> [BRIEF]
Print out the full material below, exact in every line, with no images included.

> [RAW DATA]
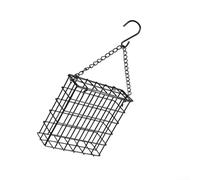 Comedero de metal para pájaros con diseño de jaula abierta para sostener un pastel de sebo para atraer poblaciones activas de aves (1 unidad)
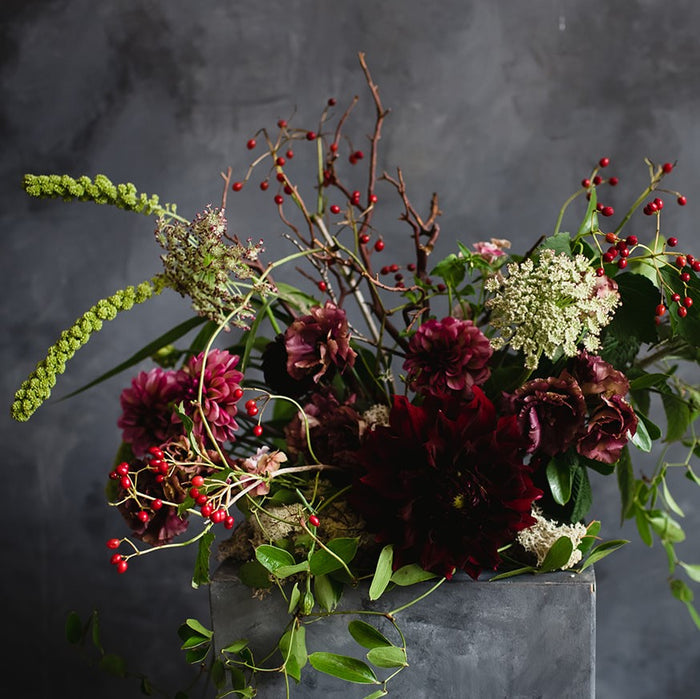 organic luxe floral subscription | Stacy K Floral | Dahlias, berries, branching, and more.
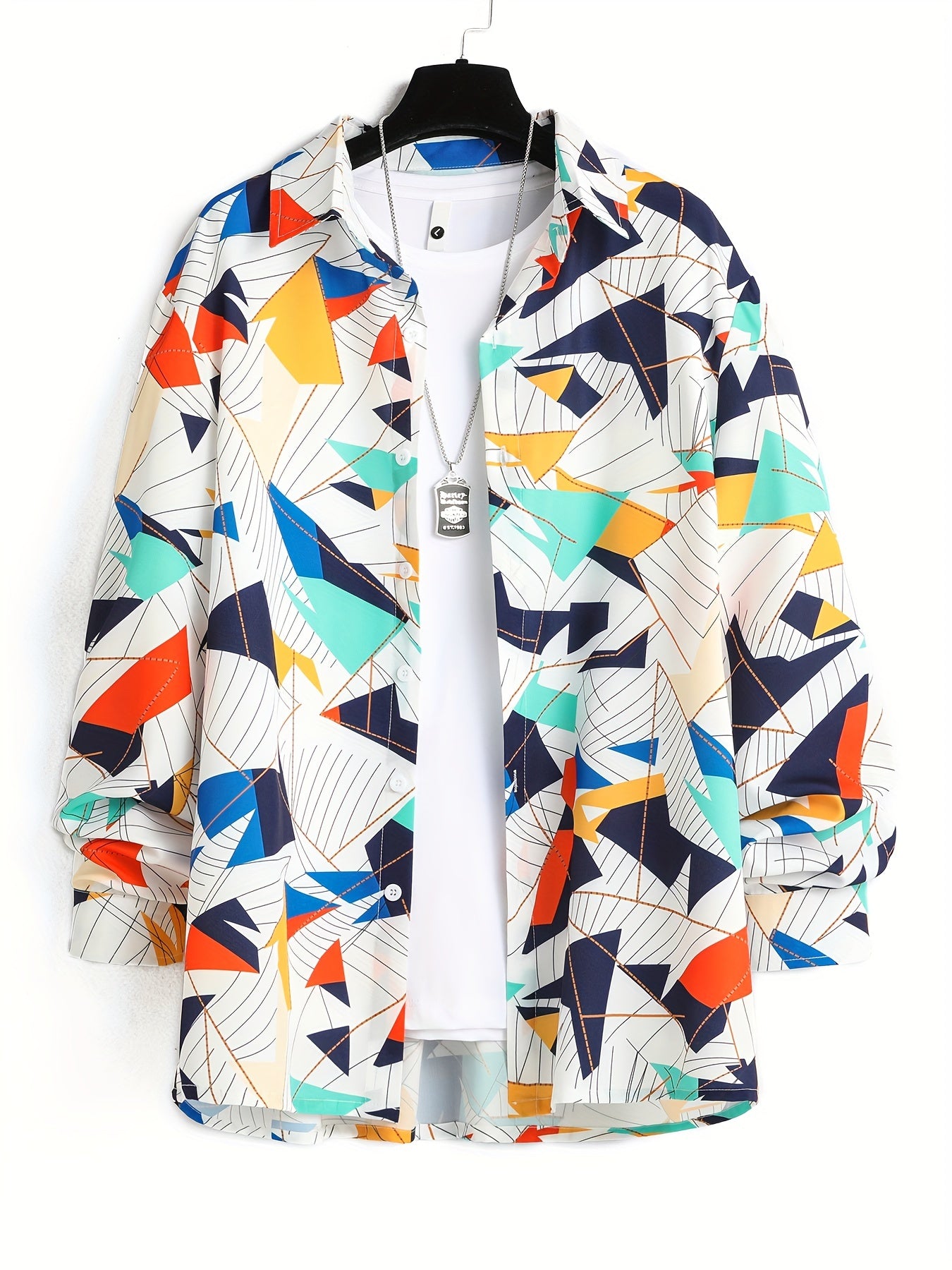 Geometric Print Men's Long Sleeve Shirt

> [RESULT OF THE EXERCISE]
 Comedero de metal para pájaros con diseño de jaula abierta para sostener un pastel de sebo para atraer poblaciones activas de aves (1 unidad)
 organic luxe floral subscription | Stacy K Floral | Dahlias, berries, branching, and more.
 Geometric Print Men's Long Sleeve Shirt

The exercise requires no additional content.